France’s foreign minister, Bernard Kouchner, last week called Myanmar’s tepid response to outside assistance a crime against humanity and demanded that food be airdropped, even without permission, to fulfill “the responsibility to protect.” That proposal was rejected by the U.N. as both impolitic and impractical.
“I’m not sure that invading Myanmar would be a very sensible option at this particular moment,” humanitarian chief John Holmes said.
The Security Council split on whether to demand that Myanmar, also known as Burma, admit aid workers, with China and others arguing that it is up to each nation to handle its internal affairs and that the “responsibility to protect” doctrine does not apply to natural disasters.
“It is certainly not a classic case,” said Edward Luck, the U.N.'s special advisor on the responsibility to protect. “While lawyers can argue whether neglecting hundreds of thousands of people is a crime against humanity, the member states by and large are very uncomfortable applying it to this situation.”
The U.N. already faces examples of governments’ neglect of their people and obstruction of outside help in places with food shortages or ongoing violence such as Darfur, Zimbabwe and North Korea. Humanitarian workers operate under strict limitations on how long they can stay, where they can travel and what they can publicly say.
“What you’ve got to do is keep pressuring the regime, and have neighboring countries do it too,” Luck said. “In Myanmar, they’ve been opening up inch by inch, though we wish it would be mile by mile.”
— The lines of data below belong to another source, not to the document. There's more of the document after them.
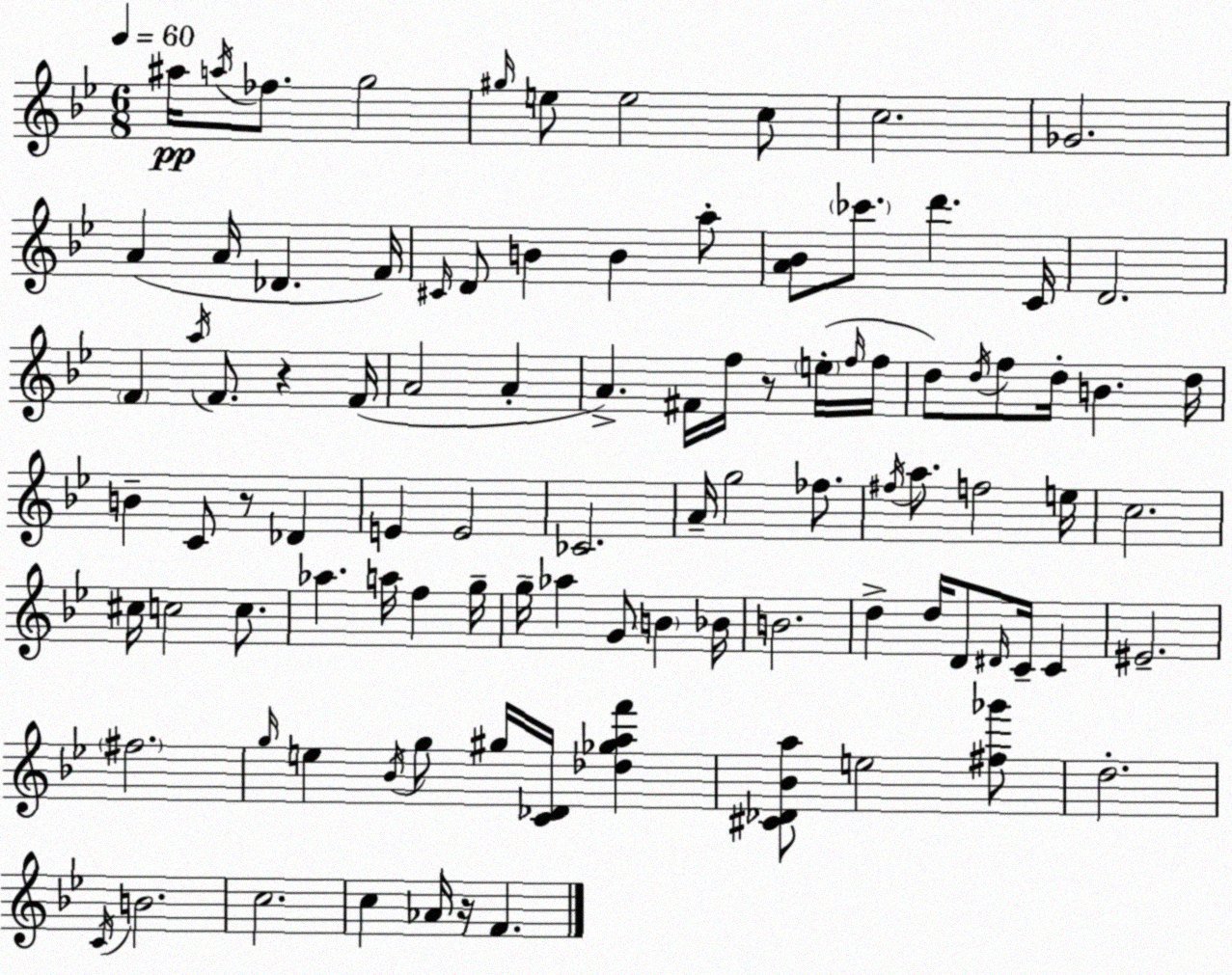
X:1
T:Untitled
M:6/8
L:1/4
K:Gm
^a/4 a/4 _f/2 g2 ^g/4 e/2 e2 c/2 c2 _G2 A A/4 _D F/4 ^C/4 D/2 B B a/2 [A_B]/2 _c'/2 d' C/4 D2 F a/4 F/2 z F/4 A2 A A ^F/4 f/4 z/2 e/4 f/4 f/4 d/2 d/4 f/2 d/4 B d/4 B C/2 z/2 _D E E2 _C2 A/4 g2 _f/2 ^f/4 a/2 f2 e/4 c2 ^c/4 c2 c/2 _a a/4 f g/4 g/4 _a G/2 B _B/4 B2 d d/4 D/2 ^D/4 C/4 C ^E2 ^f2 g/4 e _B/4 g/2 ^g/4 [C_D]/4 [_d_gaf'] [^C_D_Ba]/2 e2 [^f_g']/2 d2 C/4 B2 c2 c _A/4 z/4 F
“If Myanmar’s authorities and foreign agencies start cooperating,” said a former U.N. official familiar with Myanmar who did not want to be named, “it could be a turning point for both sides: for the government in terms of accepting and learning to work with the international aid community, and for some Western governments in accepting that sometimes you have to work with this regime if you really want to help.”
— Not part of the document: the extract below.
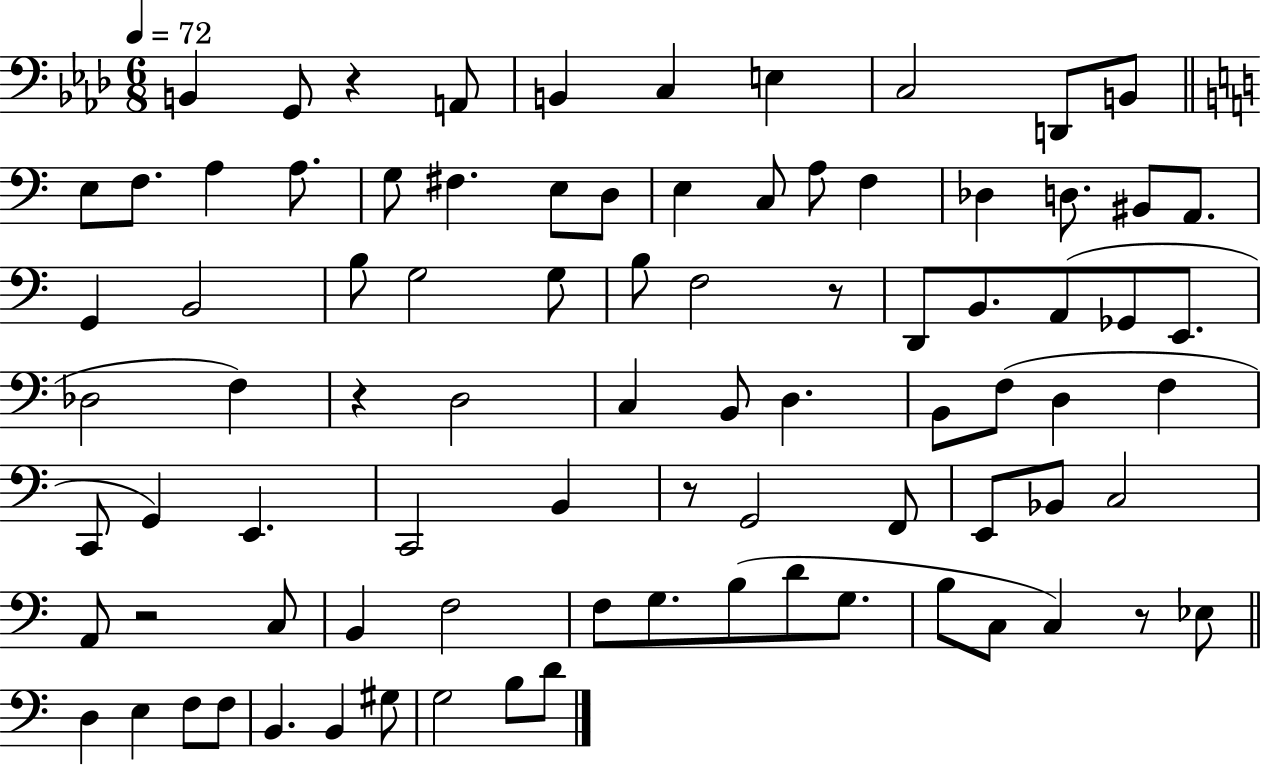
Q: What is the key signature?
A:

When diplomats and disaster do succeed in cracking open the door, sometimes it stays open. Aceh province in Indonesia and some Tamil Tiger-controlled areas in Sri Lanka were closed to foreigners before the 2004 tsunami.
Aid workers came in, and the crisis became a catalyst for peace after a three-decade-long war between Aceh separatists and the Indonesian government. In Sri Lanka, most humanitarian groups left after a cease-fire failed. But some aid workers remain in Aceh, where nearly 170,000 people died.